In his popular book, Jesus + Nothing = Everything, Tullian Tchividjian gives many great explanations of what God’s grace means for sinners like us. This book constantly focuses the reader on Jesus’ saving work. There are quite a few helpful and encouraging words in this book. But it’s not on my recommended reading list. Why? Because I don’t think Tchividjian’s description of sanctification is clearly confessional and biblical. Don’t overreact here; I’m not saying the book is heretical, horrible, or an attack on the gospel. I’m simply saying the description of sanctification is unhelpful. For example, here are some quotes from pages 95-96:
“Sanctification is the daily hard work of getting back to the reality of our justification. It’s going back to the certainty of our objectively secured pardon in Christ and hitting the refresh button a thousand times a day.”
“The hard work of Christian growth, therefore, is to think less of ourselves and our performance and more of Jesus and his performance for us.”
“Think of what Paul tells us in Philippians 2:12: ‘Work out your own salvation with fear and trembling.’ We’ve got work to do…What precisely is Paul exhorting us to do? He goes on to explain: ‘For it is God who works in you, both to will and to work for his good pleasure’ (v. 13). God works his work in you, which is the work already accomplished by Christ. Our hard work, therefore, means coming to a greater understanding of his work.”

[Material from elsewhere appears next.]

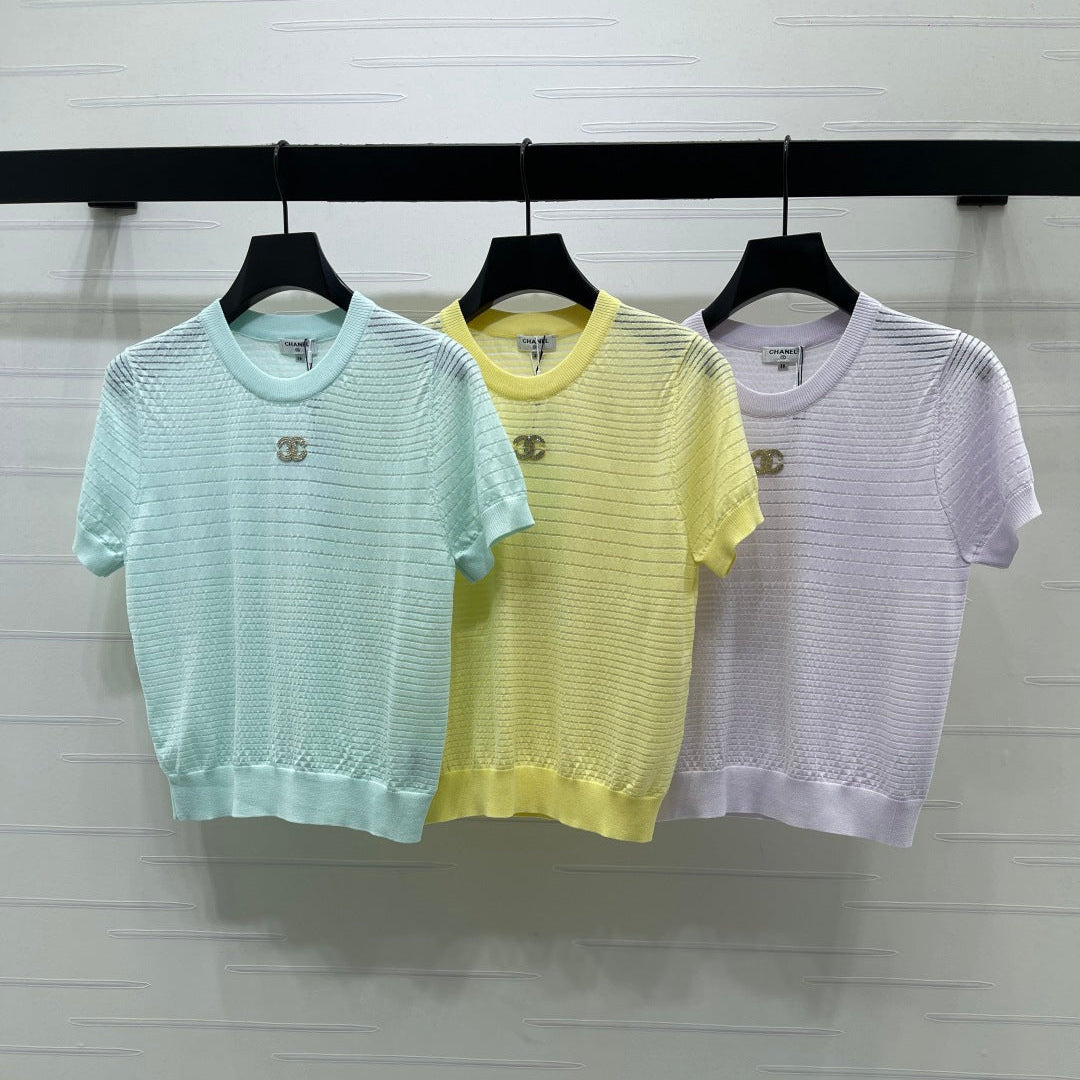 Chanel 2026 Striped Knit Short-sleeved Top Tencel Cotton 380709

The Reformed confessions and catechisms talk about sanctification quite a bit. But they don’t talk about sanctification as “getting back to the reality of our justification,” or, “coming to a greater understanding of [Christ’s] work.” These statements probably fit better in the discussion of true faith (i.e. WLC Q/A 72, HC Q/A 60-61), but they are not Reformed ways to speak about sanctification.

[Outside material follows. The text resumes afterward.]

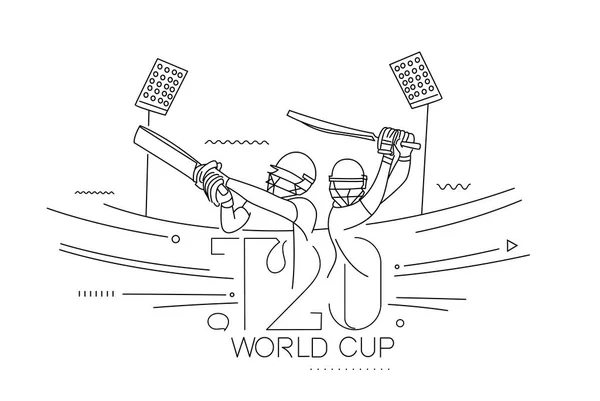 Плакат Чемпионата Мира Крикету T20 Шаблон Брошюра Украшение Флаер Дизайн — стоковый вектор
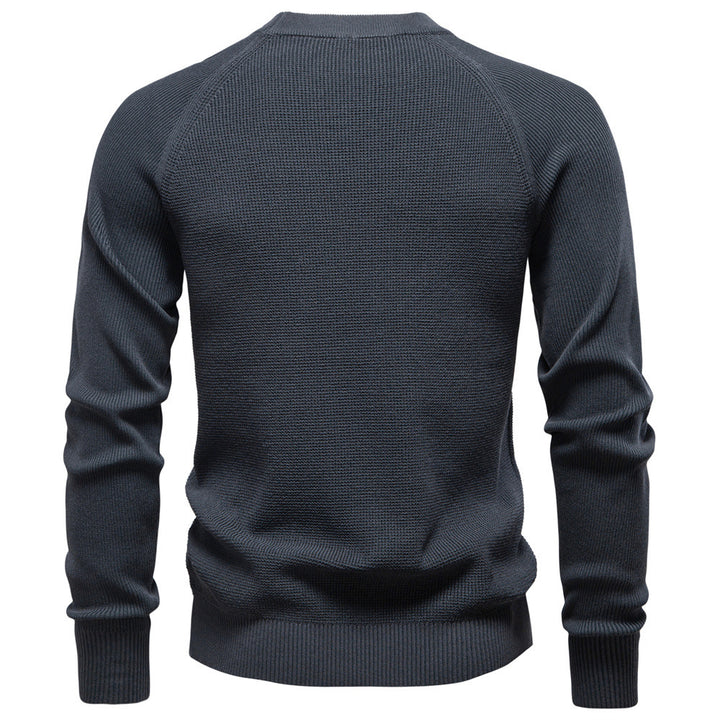 Men's medium thickness textured knit sweater with raglan sleeves and ribbed cuffs StylebySassy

How do the confessions and catechisms talk about sanctification? Well, first of all sanctification is about the Christian obeying God’s law out of gratitude for salvation and new life in Christ (HC Q/A 32-115). Second, sanctification has to do with dying to sin and living according to righteousness (WLC Q/A 75, HC Q/A 88-90). Also, the confessions mention in the discussions of sanctification our good works as “fruits and evidences of a true and lively faith” (WCF 16.2). We can gain assurance of our faith from the fruits of our faith. The confessions and catechisms say more about sanctification; this is just a summary (for biblical references, see the proof texts of the confessions given). But certainly sanctification is not “getting back to the reality of our justification.”

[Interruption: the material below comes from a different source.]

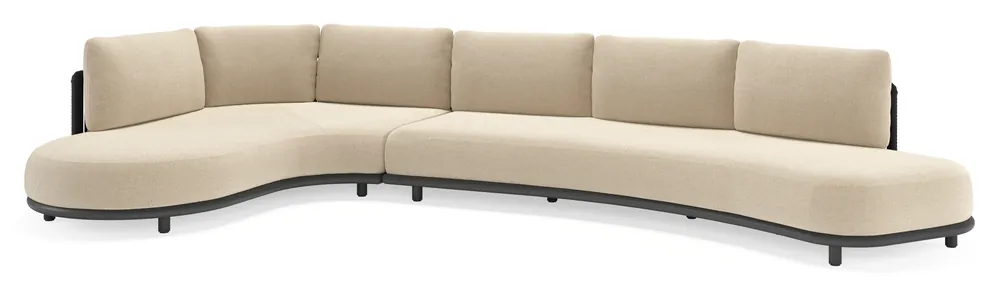 Lomano loungehoek in zwart aluminium en zwart verticaal geweven luxe vlakke rope met althea chalk all weather cosytica kussen Gecertificeerd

I don’t want to throw Tchividjian under the bus here. I haven’t read anything else he’s written and I don’t follow his ministry at all. Maybe he’s clarified this elsewhere. I just wanted to point this out, echoing what Mark Jones said in Antinomianism (p. 111-121), that we should be careful when speaking about biblical truths and doctrines. Rhetoric and hyperbole might sound good and grab attention, but we need to work hard to be precise and accurate in our language. I believe the Reformed confessions and catechisms do a nice job of biblically describing justification, faith, and sanctification, even if the statements in them are not popular, trendy, or twitterable. If we want to be biblical and confessional, I’d say let’s do our best to use biblical and confessional language.
“What is sanctification? Sanctification is the work of God’s free grace (Ezek. 36:27, Phil. 2:13, 2 Thes. 2:13), whereby we are renewed in the whole man after the image of God (2 Cor. 5:17, Eph. 4:23-24, 1 Thess. 5:23), and are enabled more and more to die unto sin, and live unto righteousness (Ezek. 36:25-27, Rom. 6:4, 6, 12-14, 2 Cor. 7:1, 1 Pet. 2:24) (WSC Q/A 35).”